The year 2014 was a watershed moment as the Union Government initiated bold reforms by not only allowing private investments in railways but also permitting 100% FDI in railways infrastructure sector. Consequently, ten areas/activities that were listed under the category of Construction, Operation and Maintenance permitted 100% FDI through the automatic route. As per the data released by DPIIT (Department for Promotion of Industry and Internal Trade) for railways and associated sectors, the FDI inflows stood at US$ 1.23 billion from April 2000 to March 2021and constitutes only 0.23% of the total FDI inflows in India. So, asset monetization in this context assumes significance as it will pave the way for greater influx of funds by private players. And in recent years, we have already witnessed an uptick in investor sentiment – in 2015 General Electric won a $2.6-billion contract to supply 1,000 locomotives (100 locomotives on yearly basis for 11 years). Since India’s railways is a lifeline for more than 30 million citizens who use it every day – modernizing the facilities and enhancing the speed will go a long way towards making our workforce more productive.
To keep pace with other leading economies of the world, India will have to expand its high-speed railway network. The Indian Railways Vision 2020 report highlighted that our railways has to match the speed and efficiency of trains in countries like US, France, Japan, and Germany in aspects like – speed (average train speed is 60 kms/hour in India) and route-kms per million population served- which are metrics to gauge the level of rail connectivity in a country. To address these challenges, the National Infrastructure Pipeline and the Draft National Rail Plan (NRP) 2020 provide a detailed asset-level plan for the development of the railway sector. The NIP envisages a total capital expenditure of Rs 13.7 lakh crore by both the Centre and States over FY 2022-25, of which Rs 1.6 lakh crore is expected through the PPP mode. The Draft NRP 2020 laid out a strategic roadmap for the sector for the next three decades, which includes an increase in the modal share (freight) of railways from 26% to 45%, while continuing to provide best-in-class services for passengers.
An efficient implementation of NMP will ensure huge influx of funds that could vastly upgrade the infrastructure and operational logistics for passenger trains, revamp railway stations, freight terminals, railway colonies, and railway tracks. In this context, it is important to realize that the bulk of our railway assets have been lying either unutilized or underutilized since independence. Take the case of the land along railway tracks – it could be leased out to telecom companies for laying cables. Likewise, it would be prudent to enable the utilization of freight terminals as logistics park for private companies and generate another revenue stream. Robust investments by the private sector will facilitate the achievements of ambitious targets set by the government – that includes achieving 100% electrification by 2023, Net Zero Carbon Emission network by 2030, ease of ticket booking, online freight services and suchlike.
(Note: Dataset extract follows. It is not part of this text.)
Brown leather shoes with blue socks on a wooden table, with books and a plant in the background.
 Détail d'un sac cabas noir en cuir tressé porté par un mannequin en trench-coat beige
Niti Aayog’s analysis pegs the monetisation value for railway infrastructure development at Rs 76,250 crore from FY22 to FY25, while for passenger train operations, the value is pegged at Rs 21,642 crore.
Importantly, it is worth noting that the move towards asset monetization has happened in a gradual manner. A similar model was adopted in the case of major toll roads in the country. Per estimates the redevelopment of 125 stations along with the development of real estate would cost approximately Rs 50,000 crore. Further, another challenge emanates from the under capacity of passenger trains that is evidenced by the fact that 15% ticket holders on an average are waitlisted. In 2018-19 alone over 8.84 crores of passengers couldn’t travel as they were waitlisted. To mitigate this problem, 12 clusters have been earmarked in high-demand routes and it is expected to bring in 30,000 crores worth of private investments with the potential of adding 150 modern trains along109 routes. Thus, the monetization of railways is based on an exhaustive study of the challenges plaguing the sector and supported by a sound economic rationale and is likely playbook for other sectors to emulate.
The writer is Secretary, Government of India (All views expressed are personal)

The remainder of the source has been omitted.